I'm with worker 11811 about the reel-in-stabilizer issue. My first attempt was to open the reel and let the film fall (actually "splash") on the stabilizer bath. The film tends to whirl and you have to use some prongs to separate it and be sure it is souped correctly. Besides, you have final bath everywhere...
I now just put the entire reel with the film inside in the stabilizer bath. I agitate it very gently for 30 seconds or so and then let it sit there for a couple of minutes (that's overkill, but nobody actually gets killed, so I do it).
Then I open the reel while keeping it horizontal, take the upper half of the reel away while keeping the film still orderly spooled on the lower half of the reel, in my left hand.
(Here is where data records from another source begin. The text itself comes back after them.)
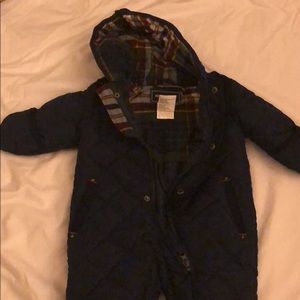 Never worn baby snowsuit
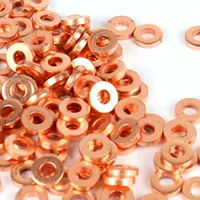 แหวนรองซีลเรียบ ทองเหลืองแดง ทองแดงแดง M3 M4 M5 M6 M8 M10 M12 M14 M16 M18 M20 M22 M24 M27 M30 สำหรับเรือ แหวนซีลแบบกด แหวนรองซีล แหวนรองกันรั่ว DIN7603 6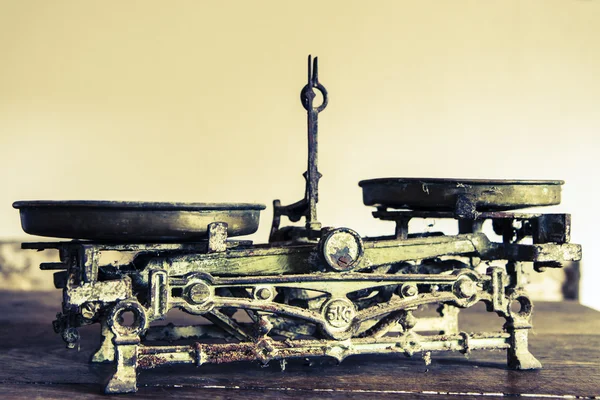 Old Antique misurazione del peso e articoli da cucina di peso — Foto Stock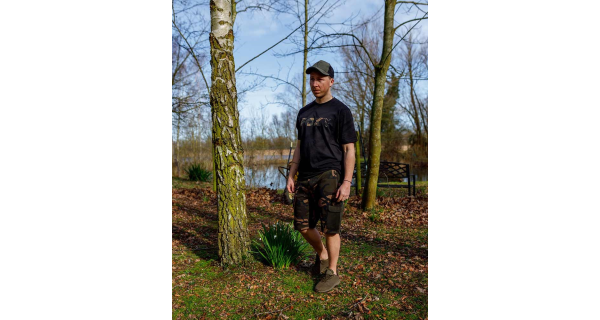 FOX - Tričko T-Shirt Black Camo Logo veľ. L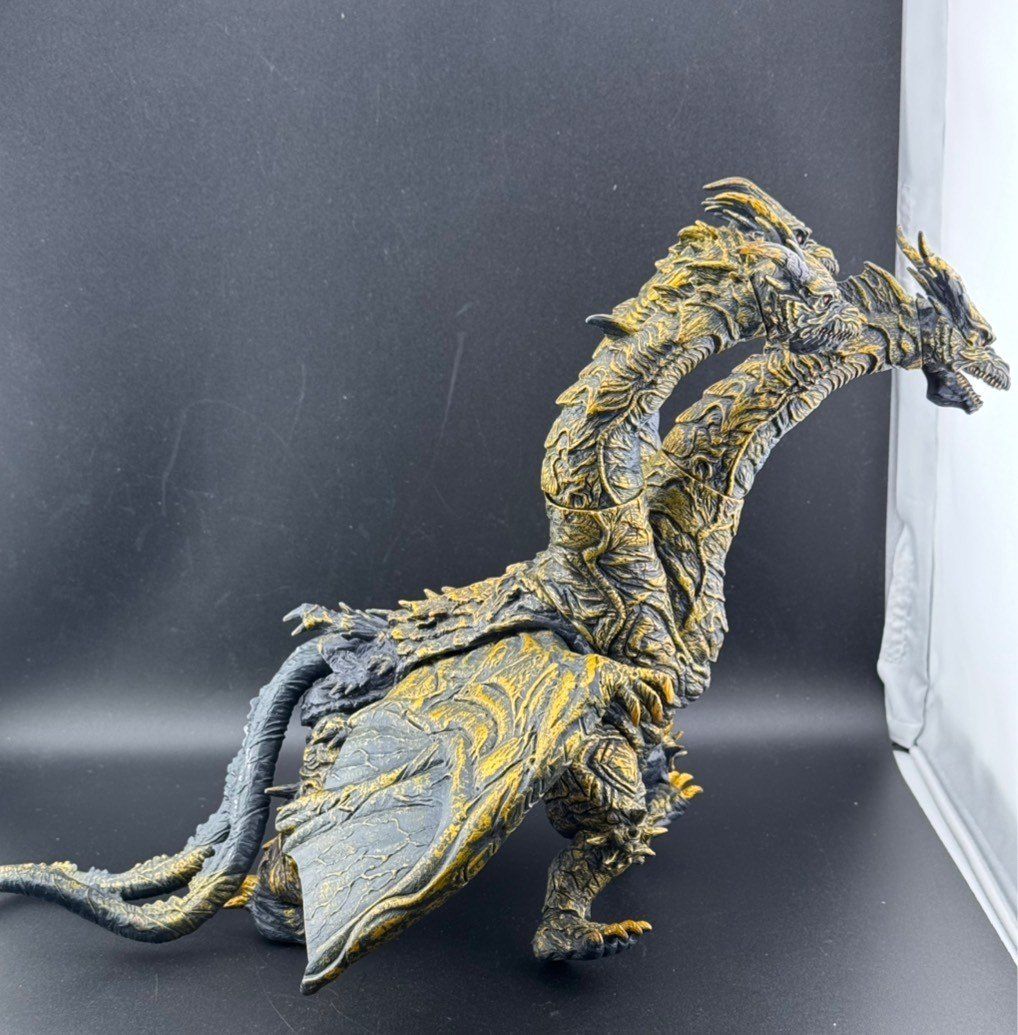 FIGURE - 【中古品】 カイザーギドラ　TM &amp;C 2004 BANDAI ソフビ  フィギュア　ポピー 中古品】 カイザーギドラ TM &C 2004 BANDAI ソフビ フィギュア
Then with my right hand I take the upper film clip and snap it to the free outer edge of the film. I then proceed to slowly raise the film and hang it to my film dryer. Finally I attach the lower (leaded) film clip. This procedure allows me to hang the film without touching it with anything.
After this I immediately rinse the reels with hot water. If some chemical residue builds in a few years, I now know it is something that can be cleaned with an energetic wash. E.g. a wash in the dishwasher, the dishwasher soap being pretty much aggressive, would certainly deal with any deposit for which one would not call an exorcist. After the dishwasher treatment I would add a hot-water wash.
When I bought my second-hand reels they had a different colours than they have now. An old toothbrush and some dish soap and hot water made a big difference.
So my idea is: forget what they say about final bath building deposits; use your reels to minimize hand contact with film; rinse the reels immediately with hot water; if there is some deposit after many, many rolls, there's no dirt which cannot be washed away.